Carpenter v. Ewing

California Supreme Court
Carpenter v. Ewing, 76 Cal. 487 (Cal. 1888)
18 P. 432; 1888 Cal. LEXIS 915
Belcher

Carpenter v. Ewing

Opinion of the Court

Belcher, C. C.

This is an action of ejectment to recover a strip of land eight inches wide and twenty-four feet long. The complaint contains the ordinary allegations of ownership and ouster, and is not verified. The answer contains a general denial, with allegations of actual and bona fide possession by defendant and his grantors for more than five years before the commencement of the action, and the plea of the statute of limitations.

The case was tried before a jury, and a verdict returned for defendant, on which judgment was entered. The plaintiff appealed from the judgment, and has brought up in the transcript the pleadings, judgment, and nine instructions given to the jury at the request of the. defendant, but none of the testimony on which the instructions were based.

*488The appellant insists—and this is the only point made—that the first five instructions, though admitted to be sound as abstract propositions of law, were misleading and erroneous, because not applicable to the issues raised under the plea of the statute of limitations.

The instructions complained of relate to an agreed line between contiguous owners of real property, and an acquiescence therein for the period of five years.

Whether evidence as to an agreed line and long acquiescence, if objected to, was admissible under the pleadings or not, it is not necessary to determine. If the case was-tried upon the theory that such evidence was admissible, and it was offered and received without objection, it became the duty of the court to instruct the jury upon the law of the case as presented, and the losing party cannot be permitted here for the first time to raise an objection on this ground. (Boyce v. California Stage Company, 25 Cal. 460; Bell v. Knowles, 45 Cal. 198; Yik Hon v. Spring Valley Water Works, 65 Cal. 619.)

None of the evidence being brought up in the record, and there being nothing to show its purport or tendency, it will be presumed that it was such as to justify the instructions, and that they were properly given. The settled rule is, that where the record contains no part of the evidence, the judgment will not be disturbed on account of instructions alleged to be erroneous, unless it appears that such instructions would have been erroneous under every conceivable state of facts. (People v. Dick, 34 Cal. 663; Baldwin v. Bornheimer, 48 Cal. 433; People v. Smith, 57 Cal. 130; People v. Gilbert, 60 Cal. 108.)

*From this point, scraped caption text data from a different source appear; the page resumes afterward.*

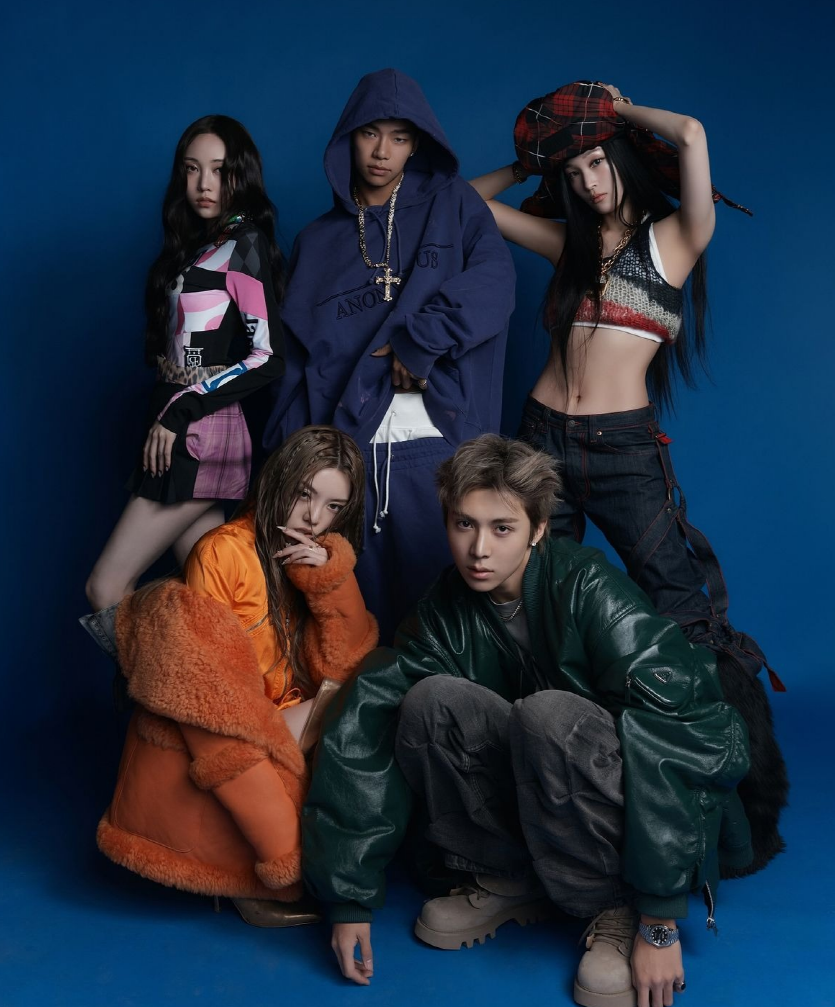 ALLDAY PROJECT in bold streetwear against blue backdrop — official ALLDAY PROJECT comeback promo shoot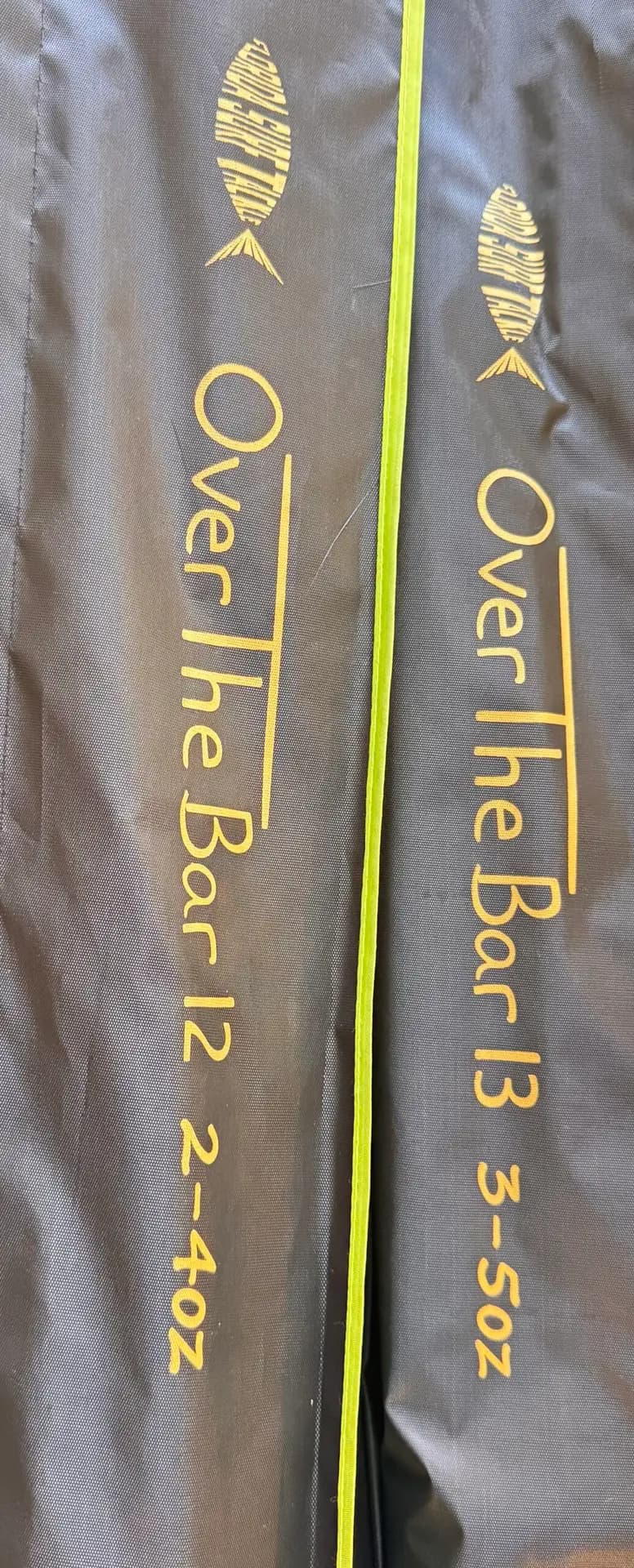Over the Bar 13' Blue fishing rod with green wraps and grips 2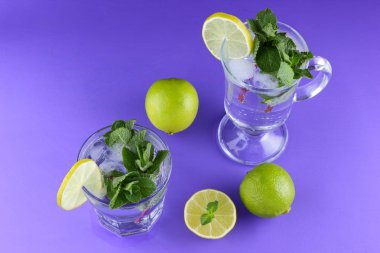 Mojito ultraviyole bir arka plan, nane, limon ve kireç, yaz dinlenmek için bir meşrubat, mor bir arka plan, bir pop sanat içki, yarım limon ve kireç, sanat bir kokteylde bir kokteyl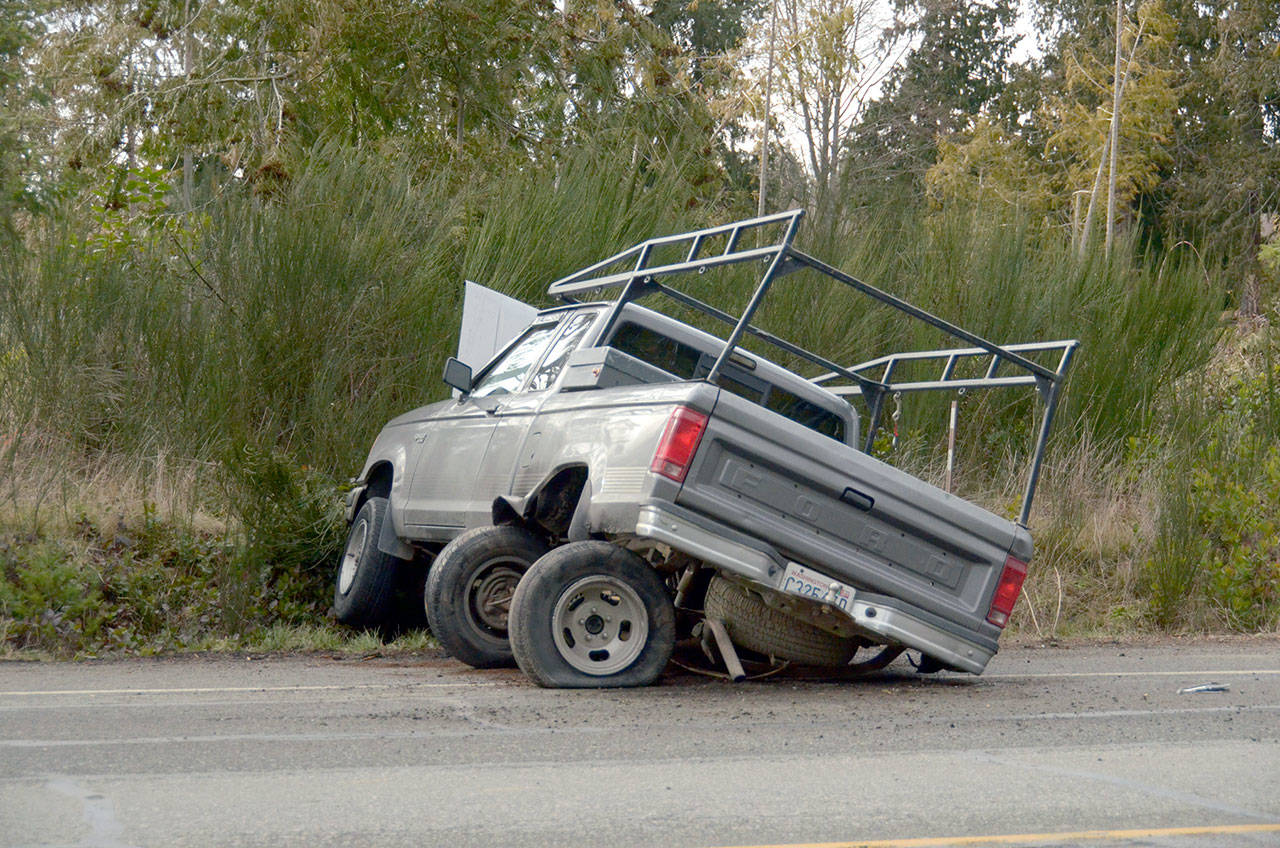 A two-car wreck at the intersection of Four Corners Road and state Highway 20 near Port Hadlock blocked traffic for roughly a half-hour while crews cleared the roadway. No one was injured in the wreck. (Cydney McFarland/Peninsula Daily News)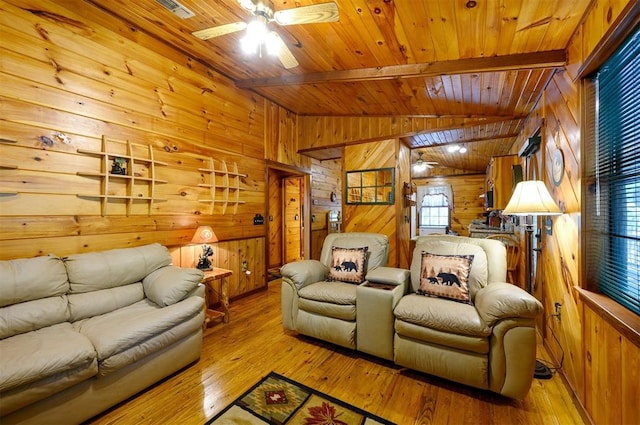 cinema room featuring light hardwood / wood-style floors, plenty of natural light, wooden walls, and ceiling fan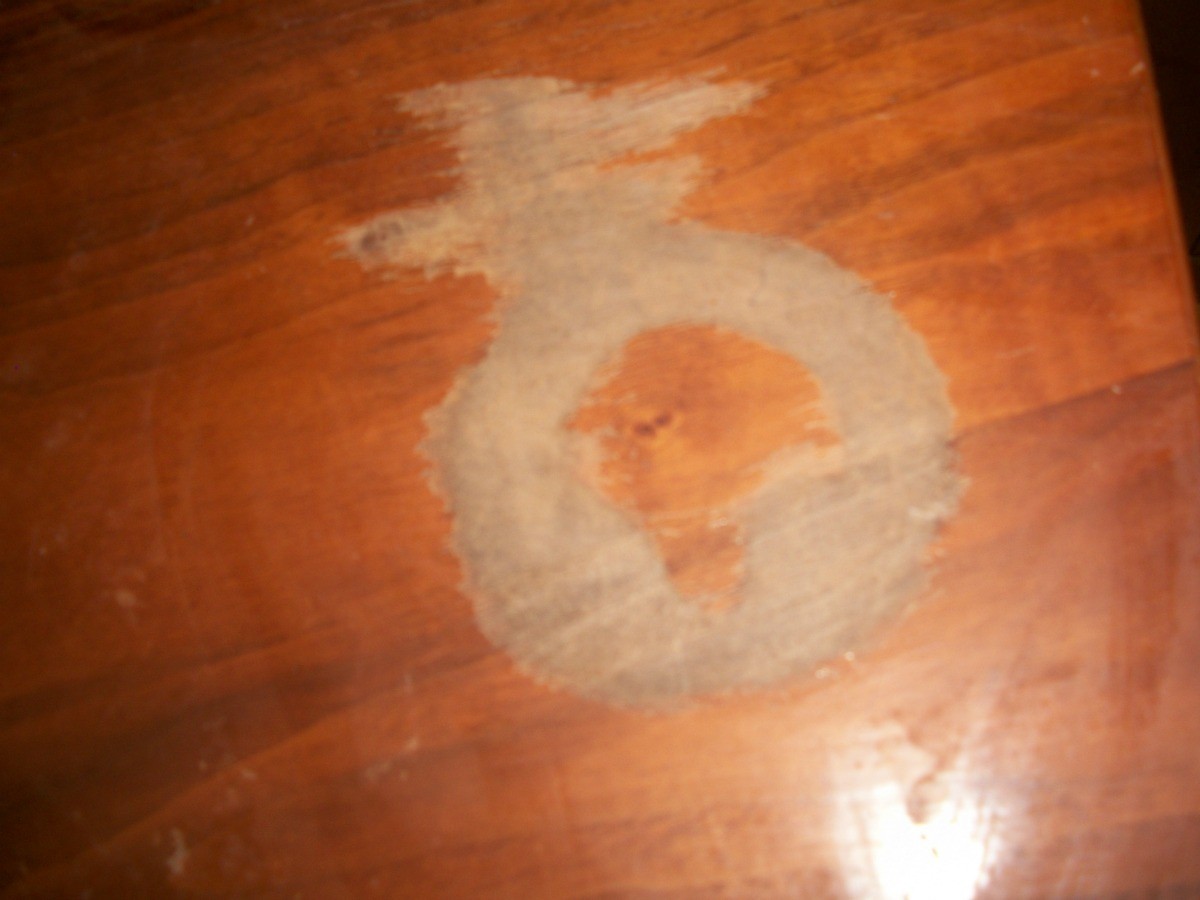 why does spilled coffee on my kitchen counter form a brown ring when it dries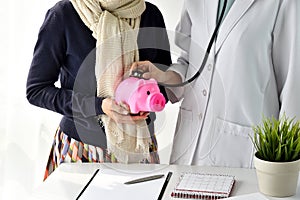 Medical financial check up with a stethoscope, Money savings for healthcare treatment.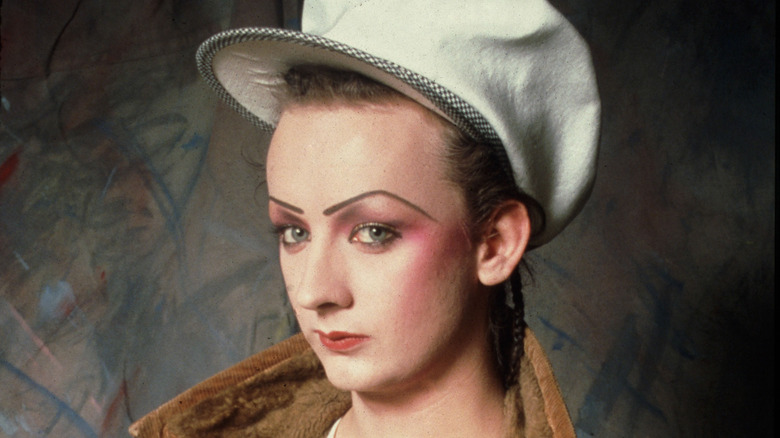 boy george looking sideways big hat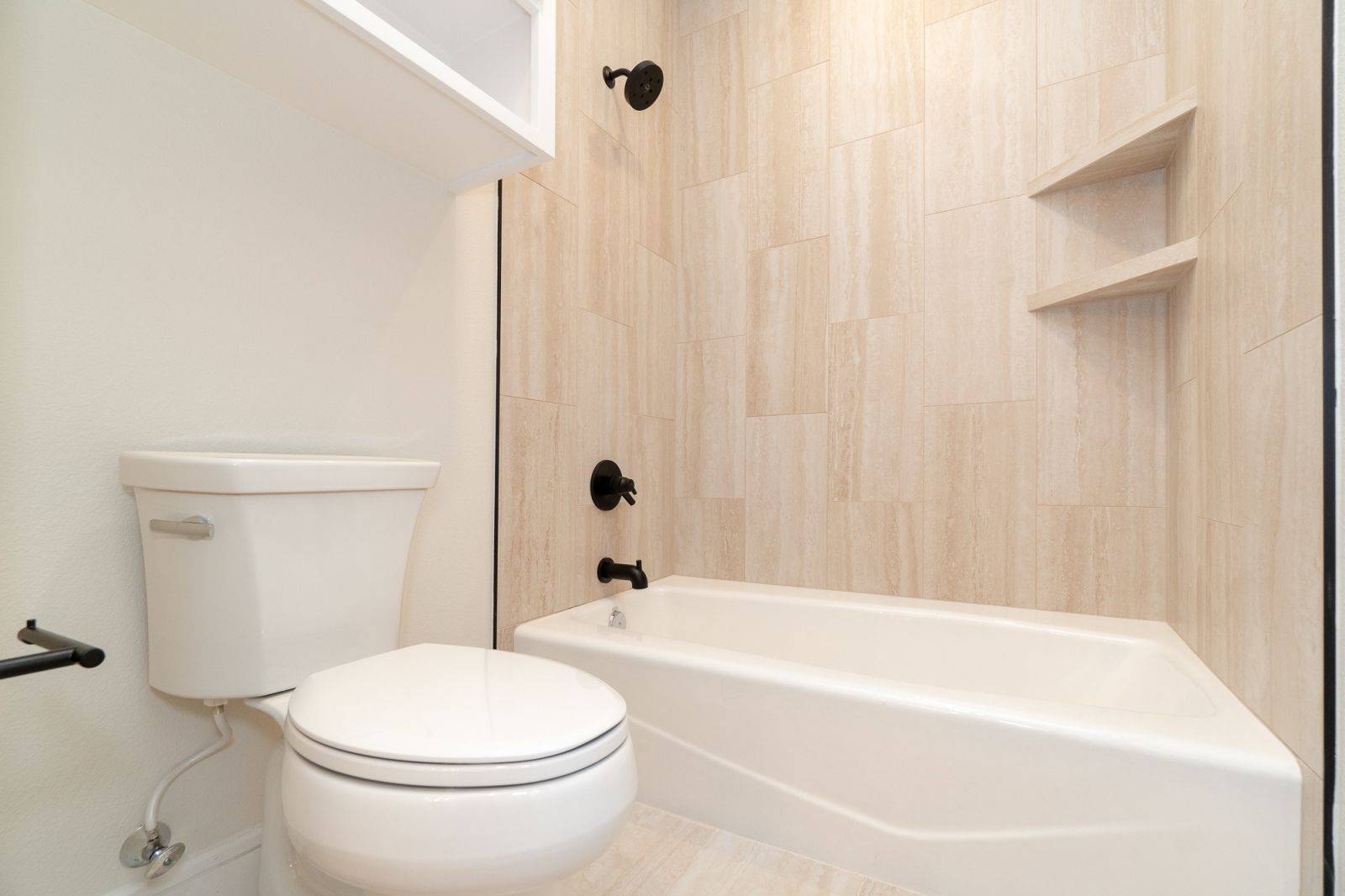 A bathroom with a toilet , bathtub and shower.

It is not pretended that the instructions complained of here would be erroneous under every conceivable state of facts, and the judgment should therefore be affirmed,

Hayne, C., and Foote, C., concurred.

The Court.

For the reasons given in the foregoing opinion, the judgment is affirmed.

Reference

Full Case Name
CAROLINE CARPENTER v. ROBERT EWING
Cited By
10 cases
Status
Published
Syllabus
Instructions — Application to Evidence — Appeal — Objection foe First Time. — If a case is tried upon the theory that certain evidence is admissible under the pleadings, and such evidence is offered and received without objection, it is the duty of the court to instruct the jury upon the law of the case as presented by the evidence, and the losing party cannot raise an objection to such evidence, or to the instructions applicable thereto, upon appeal for the first time. Id.—Peesumption as to Instructions. — When none of the evidence appears in the record, it will be presumed to have justified the instructions, and the judgment will not be disturbed on account of alleged error in the instructions, unless it appears that they would have been erroneous under every conceivable state of facts.